[Mailman-Users] Call for suggestions

Wed May 9 06:26:26 CEST 2001

On 5/8/01 5:26 PM, "Ashley M. Kirchner" <ashley at pcraft.com> wrote:

>   Generally, two to six at the most.

A few things to check...

Make sure your batch size is small:

SMTP_MAX_RCPTS = 10

Set your qrunner proc to live longer, and extend the lock life:

QRUNNER_LOCK_LIFETIME = hours(10)
QRUNNER_PROCESS_LIFETIME = minutes(15)
QRUNNER_MAX_MESSAGES = 300

Set these to 20 hours, 2 hours and 50000

Here's why: qrunner doesn't process the queue FIFO. Instead, it opens up the
directory and processes the entries sequentially. This implies that if you
get a lot of stuff in the queue, qrunner will quit after 15 minutes and
start over.

As qrunner processes stuff, it deletes those files. So as new stuff comes
in, they get stored as close to the start of the directory inode as
possible, so when qrunner quits and restarts, if it hasn't processed
everything in the directory, it starts over with newer stuff, leaving older
stuff deep into the inode -- and it'll never GET to that stuff deep in the
inode until the system quiets down and it's given a change to catch up. That
means something could literally stay in the queue forever if the system
never slows down enough to allow qrunner to clean up.

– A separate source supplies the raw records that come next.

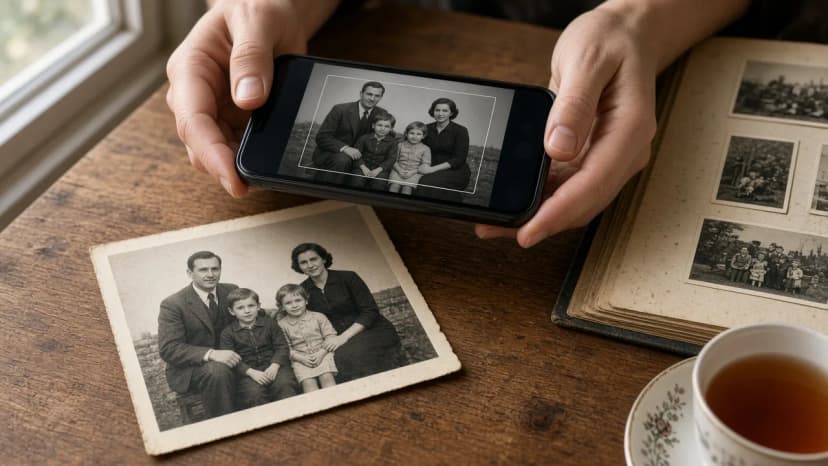 Delle mani tengono un telefono parallelo sopra una vecchia foto di famiglia in bianco e nero appoggiata su un tavolo vicino a una finestra, con un album aperto di vecchie stampe e una tazza di tè accanto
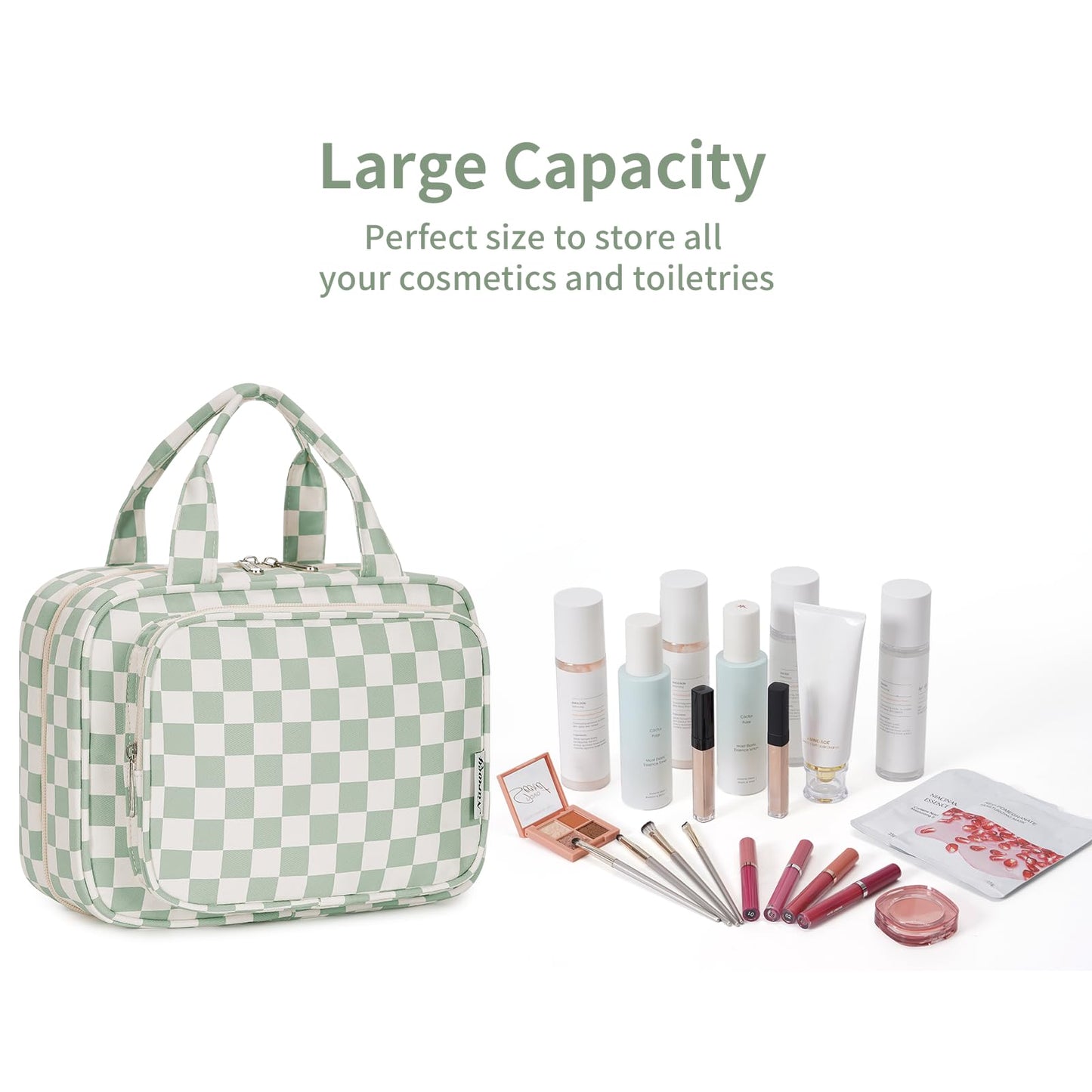 Narwey Hanging Toiletry Bag for Women Travel Checkered Makeup Bag Organizer Toiletries Bag for Travel Size Essentials Accessories Cosmetics (Mint Green Checkerboard (Medium))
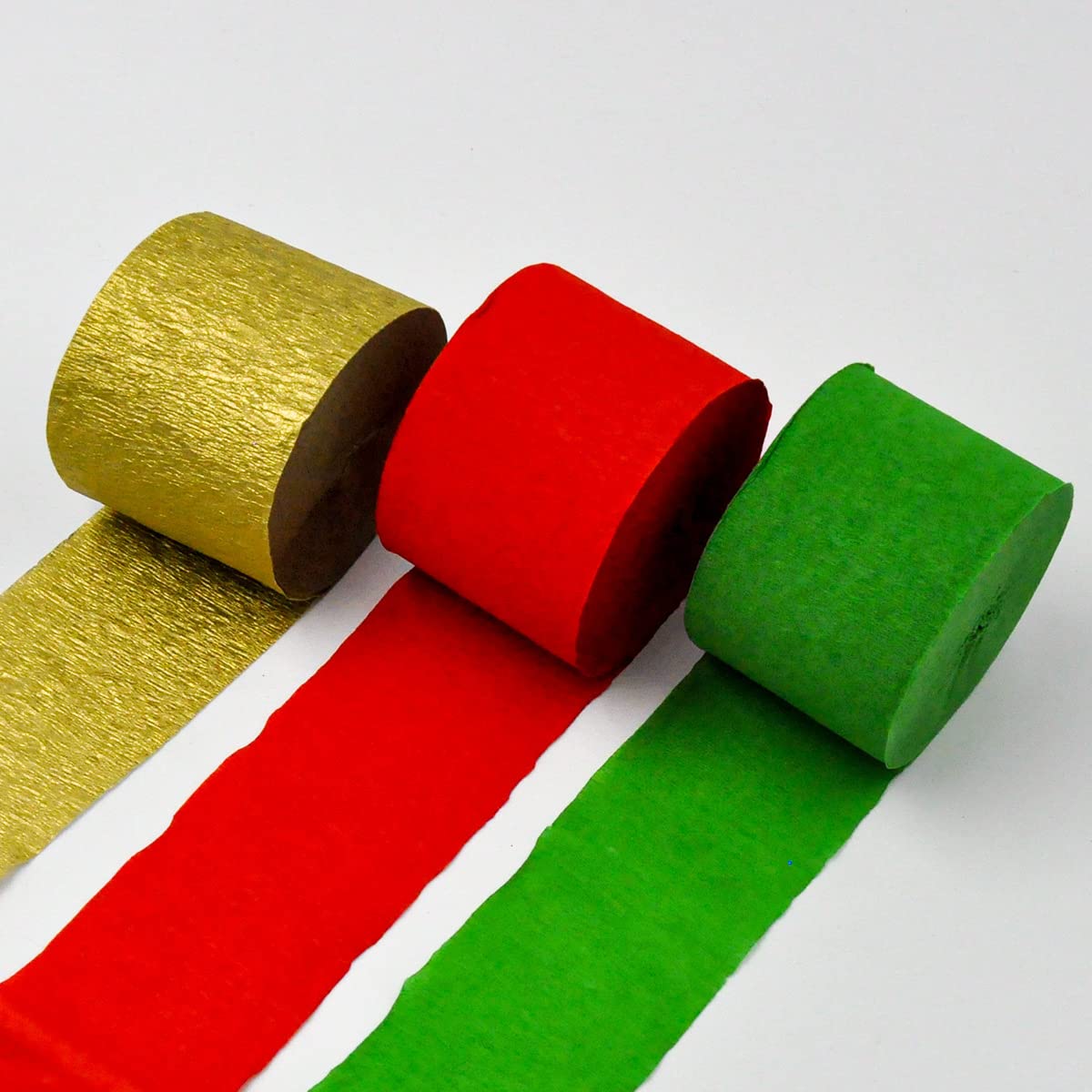 Namzi Crepe Paper Streamers 3 Rolls, Pack of Golden,Red?Green Crepe Paper for Birthday Decorations, Baby Shower Decorations (1.8 Inch x 72 Ft/Roll)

By extending qrunner's lifetime, you're allowing it to go much deeper into
the inode. It's STILL not FIFO (and this is why replies get seen before
messages being replied to, and why digests have messages scrambles; Barry
and I have talked at length about this and the queueing should be FIFO in
2.1....), but you're a lot less likely to have a given message buried in the
queue for hours. It doesn't fix the problem -- but significantly (from my
system'ss operations) reduces it, and limits the impact when it does happen.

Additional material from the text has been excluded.